What you should do:
Go line by line through the records below. Copy whichever lines contain the string "Heart".
[[ Records provided open ]]
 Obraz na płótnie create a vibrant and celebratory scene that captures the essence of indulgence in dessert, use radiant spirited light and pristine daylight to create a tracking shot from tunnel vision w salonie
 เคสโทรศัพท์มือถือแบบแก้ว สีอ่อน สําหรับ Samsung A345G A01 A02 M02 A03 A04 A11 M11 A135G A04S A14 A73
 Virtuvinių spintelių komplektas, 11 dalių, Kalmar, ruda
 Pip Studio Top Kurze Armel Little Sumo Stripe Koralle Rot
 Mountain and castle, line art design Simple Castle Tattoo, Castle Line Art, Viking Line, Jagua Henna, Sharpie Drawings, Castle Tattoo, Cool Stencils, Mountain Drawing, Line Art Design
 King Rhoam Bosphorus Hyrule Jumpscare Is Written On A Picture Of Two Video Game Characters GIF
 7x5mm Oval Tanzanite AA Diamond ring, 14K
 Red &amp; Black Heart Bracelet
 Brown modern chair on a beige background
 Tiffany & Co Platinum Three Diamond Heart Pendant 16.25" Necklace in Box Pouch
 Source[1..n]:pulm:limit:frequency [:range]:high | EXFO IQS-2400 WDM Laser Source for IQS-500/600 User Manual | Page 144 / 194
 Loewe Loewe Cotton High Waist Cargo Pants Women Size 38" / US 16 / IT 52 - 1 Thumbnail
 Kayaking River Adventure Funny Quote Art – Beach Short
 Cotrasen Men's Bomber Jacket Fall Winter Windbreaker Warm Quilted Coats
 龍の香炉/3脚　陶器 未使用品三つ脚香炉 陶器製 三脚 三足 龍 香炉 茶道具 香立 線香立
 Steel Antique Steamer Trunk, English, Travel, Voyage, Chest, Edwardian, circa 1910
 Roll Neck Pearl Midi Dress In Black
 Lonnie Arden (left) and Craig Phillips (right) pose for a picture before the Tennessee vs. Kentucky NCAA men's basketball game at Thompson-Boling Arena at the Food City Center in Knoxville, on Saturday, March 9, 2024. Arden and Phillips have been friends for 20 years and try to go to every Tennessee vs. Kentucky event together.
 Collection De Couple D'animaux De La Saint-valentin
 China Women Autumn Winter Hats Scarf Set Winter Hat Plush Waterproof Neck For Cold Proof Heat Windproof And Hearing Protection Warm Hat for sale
[[ Records provided closed ]]
Output of the task:
 Red &amp; Black Heart Bracelet
 Tiffany & Co Platinum Three Diamond Heart Pendant 16.25" Necklace in Box Pouch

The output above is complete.